The issue is on the map_chr() since I am able to get an output until executing the map_chr().

df_all %>% 
  filter(`Job.Recog.Date`>ydm(20190101) & `Job.Recog.Date`<= ymd(20200201), 
         `Job Status` == "CLS"
  ) %>%  
  group_by(`Job Operator`) %>% summarise(
    Tot.Income = sum(`Total Income (Recognized+Unrecognized REV+WIP)`),
    Tot.Expense = sum(`Total Expense (Recognized+Unrecognized CST+ACR)`),
    Tot.Profit = sum(`Job Profit`),
    Mean_Profit = mean(`Job Profit`),
    Count = n(),
    ship_ids = list(`Shipment ID`)
  ) 
# A tibble: 63 x 7
   `Job Operator`     Tot.Income Tot.Expense Tot.Profit Mean_Profit Count ship_ids   
   <chr>                   <dbl>       <dbl>      <dbl>       <dbl> <int> <list>     
 1 Abey Mena             210627.    -150373.     60254.        275.   219 <chr [219]>
 2 Agent Routed            4023.      -3868.       155         155      1 <chr [1]>  
 ...

Thank you for your time,
LF.

If you want to use purr::map_() functions on a pipe you have to do it inside a mutate statement.
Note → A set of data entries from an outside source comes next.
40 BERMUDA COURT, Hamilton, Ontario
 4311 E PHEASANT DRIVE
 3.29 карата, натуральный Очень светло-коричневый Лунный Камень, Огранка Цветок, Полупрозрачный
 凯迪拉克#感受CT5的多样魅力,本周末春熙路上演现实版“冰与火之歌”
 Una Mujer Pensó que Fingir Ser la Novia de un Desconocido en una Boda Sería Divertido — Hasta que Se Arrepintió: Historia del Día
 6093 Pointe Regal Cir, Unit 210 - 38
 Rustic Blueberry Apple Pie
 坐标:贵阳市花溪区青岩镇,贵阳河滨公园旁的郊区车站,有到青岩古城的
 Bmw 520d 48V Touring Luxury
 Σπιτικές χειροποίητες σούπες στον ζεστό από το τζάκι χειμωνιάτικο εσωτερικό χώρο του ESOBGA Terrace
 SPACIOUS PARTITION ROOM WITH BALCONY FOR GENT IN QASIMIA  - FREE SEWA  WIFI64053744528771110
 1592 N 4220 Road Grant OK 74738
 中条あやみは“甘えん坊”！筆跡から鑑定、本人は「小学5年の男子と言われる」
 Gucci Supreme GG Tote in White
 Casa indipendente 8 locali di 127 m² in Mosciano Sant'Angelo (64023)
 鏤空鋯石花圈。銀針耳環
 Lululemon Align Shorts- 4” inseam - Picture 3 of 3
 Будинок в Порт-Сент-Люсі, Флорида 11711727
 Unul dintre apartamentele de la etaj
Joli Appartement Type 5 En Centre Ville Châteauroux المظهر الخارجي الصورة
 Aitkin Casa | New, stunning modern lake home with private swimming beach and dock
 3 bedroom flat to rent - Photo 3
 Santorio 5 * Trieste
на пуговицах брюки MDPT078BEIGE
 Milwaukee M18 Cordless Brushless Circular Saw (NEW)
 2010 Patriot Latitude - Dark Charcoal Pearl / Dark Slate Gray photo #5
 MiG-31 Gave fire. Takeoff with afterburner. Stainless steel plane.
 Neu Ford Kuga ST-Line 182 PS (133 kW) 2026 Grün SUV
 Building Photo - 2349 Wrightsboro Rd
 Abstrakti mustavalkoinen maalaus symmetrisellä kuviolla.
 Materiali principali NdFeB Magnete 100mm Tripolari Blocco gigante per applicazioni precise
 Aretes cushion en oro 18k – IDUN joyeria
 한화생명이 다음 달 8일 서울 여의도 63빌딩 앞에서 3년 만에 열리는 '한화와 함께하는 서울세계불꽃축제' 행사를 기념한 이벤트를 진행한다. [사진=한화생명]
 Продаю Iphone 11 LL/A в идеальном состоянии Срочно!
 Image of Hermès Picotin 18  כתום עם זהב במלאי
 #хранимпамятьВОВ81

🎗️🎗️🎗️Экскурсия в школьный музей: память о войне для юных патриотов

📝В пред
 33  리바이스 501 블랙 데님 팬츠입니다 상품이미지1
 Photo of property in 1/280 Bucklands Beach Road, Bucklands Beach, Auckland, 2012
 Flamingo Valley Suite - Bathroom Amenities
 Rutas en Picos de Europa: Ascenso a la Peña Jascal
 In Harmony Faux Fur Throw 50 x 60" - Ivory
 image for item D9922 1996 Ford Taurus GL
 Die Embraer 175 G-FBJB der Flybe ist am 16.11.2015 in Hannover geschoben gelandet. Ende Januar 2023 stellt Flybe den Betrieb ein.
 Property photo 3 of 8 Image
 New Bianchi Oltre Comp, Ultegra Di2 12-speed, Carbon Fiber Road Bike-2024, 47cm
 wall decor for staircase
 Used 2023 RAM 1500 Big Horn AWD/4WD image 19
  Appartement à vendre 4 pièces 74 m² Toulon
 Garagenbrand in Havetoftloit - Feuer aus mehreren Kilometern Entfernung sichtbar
BTW please stay within the scope of the original reprex or provide a new one.

library(tidyverse)
# Sample data
dt <-  tibble(
    "Shipment ID" = c("S00001009", "S00001033",
                      "S00001034","S00001036", "S00001038", "S00001039", "S00001040","S00001041"),
    "Job Operator" = c("Wayne Martin", "Wayne Martin", "Emil Manuel", 
                       "Emil Manuel", "Emil Manuel", "Joanne Lano","Joanne Lano" ,"Tony Solis")
)

dt %>%
    group_by(`Job Operator`) %>% summarise(
        ship_ids = list(`Shipment ID`)
    ) %>% 
    mutate(ship_ids_flat = map_chr(`ship_ids`, ~paste0(., collapse = ", ")))
#> # A tibble: 4 x 3
#>   `Job Operator` ship_ids  ship_ids_flat                  
#>   <chr>          <list>    <chr>                          
#> 1 Emil Manuel    <chr [3]> S00001034, S00001036, S00001038
#> 2 Joanne Lano    <chr [2]> S00001039, S00001040           
#> 3 Tony Solis     <chr [1]> S00001041                      
#> 4 Wayne Martin   <chr [2]> S00001009, S00001033

Created on 2020-03-30 by the reprex package (v0.3.0.9001)

2 Likes

This topic was automatically closed 7 days after the last reply. New replies are no longer allowed.